***** Material shown
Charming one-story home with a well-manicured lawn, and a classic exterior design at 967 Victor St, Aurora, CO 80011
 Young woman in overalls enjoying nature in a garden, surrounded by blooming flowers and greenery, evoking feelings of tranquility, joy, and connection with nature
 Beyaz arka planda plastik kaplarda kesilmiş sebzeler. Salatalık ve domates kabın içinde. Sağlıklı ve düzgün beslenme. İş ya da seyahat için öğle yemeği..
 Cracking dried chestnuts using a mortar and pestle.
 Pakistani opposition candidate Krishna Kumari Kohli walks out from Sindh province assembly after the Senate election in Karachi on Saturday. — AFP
**********
***** Material shown
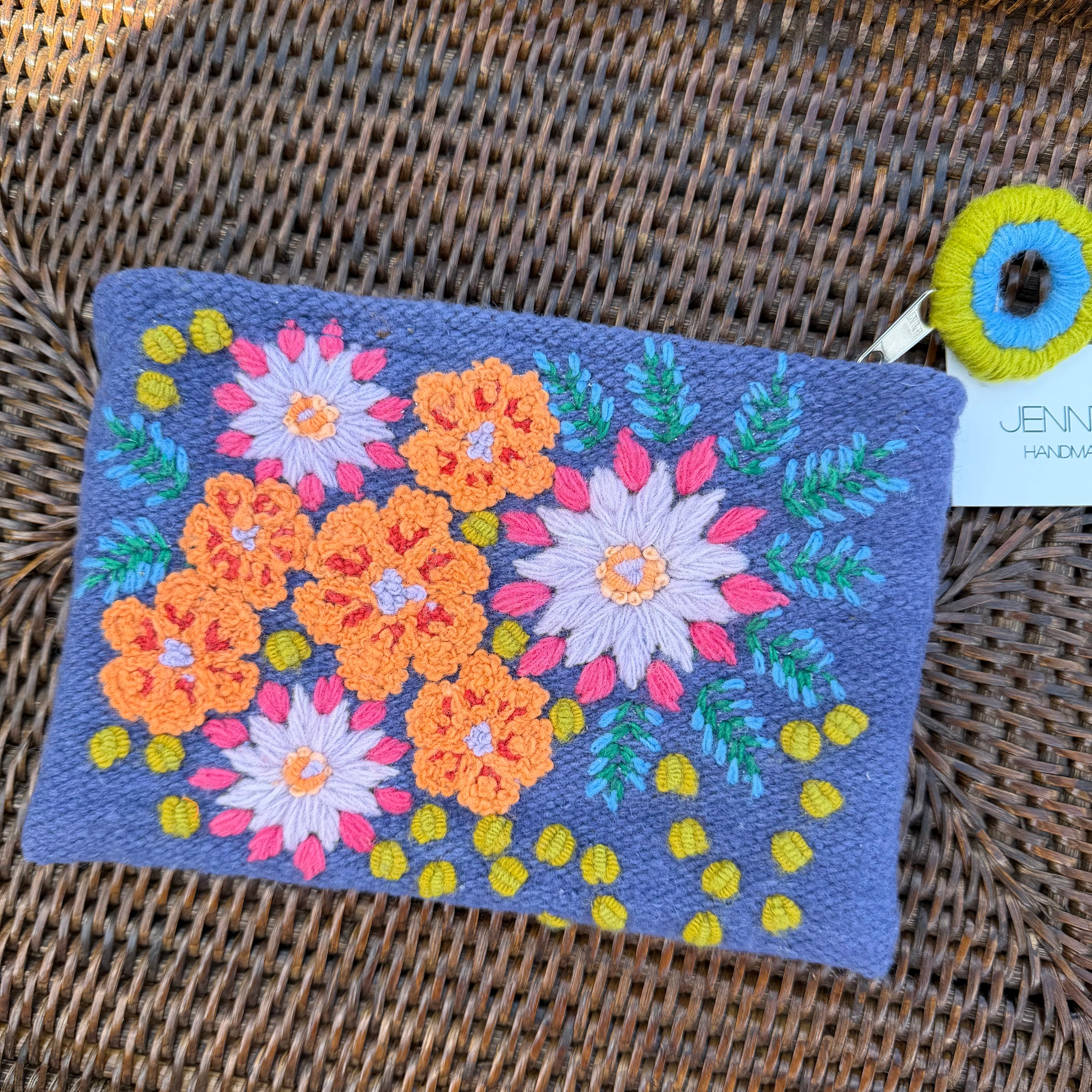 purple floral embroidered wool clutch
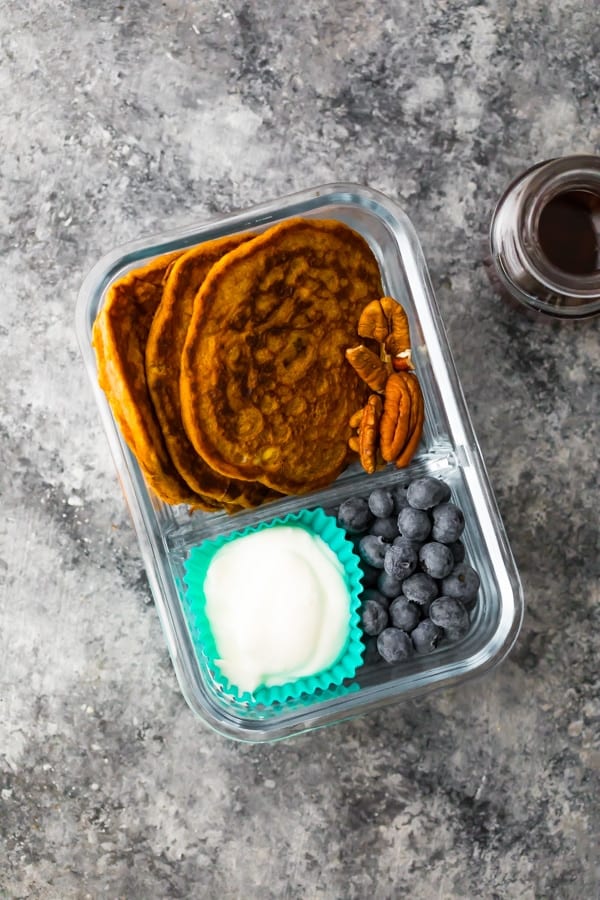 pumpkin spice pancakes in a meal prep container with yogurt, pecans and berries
**********
About this task:
All lines above from the line with "Charming one-story home" through the line with "Pakistani opposition candidate", both included, are to be set down exactly, with nothing else.

Solution to the exercise:
Charming one-story home with a well-manicured lawn, and a classic exterior design at 967 Victor St, Aurora, CO 80011
 Young woman in overalls enjoying nature in a garden, surrounded by blooming flowers and greenery, evoking feelings of tranquility, joy, and connection with nature
 Beyaz arka planda plastik kaplarda kesilmiş sebzeler. Salatalık ve domates kabın içinde. Sağlıklı ve düzgün beslenme. İş ya da seyahat için öğle yemeği..
 Cracking dried chestnuts using a mortar and pestle.
 Pakistani opposition candidate Krishna Kumari Kohli walks out from Sindh province assembly after the Senate election in Karachi on Saturday. — AFP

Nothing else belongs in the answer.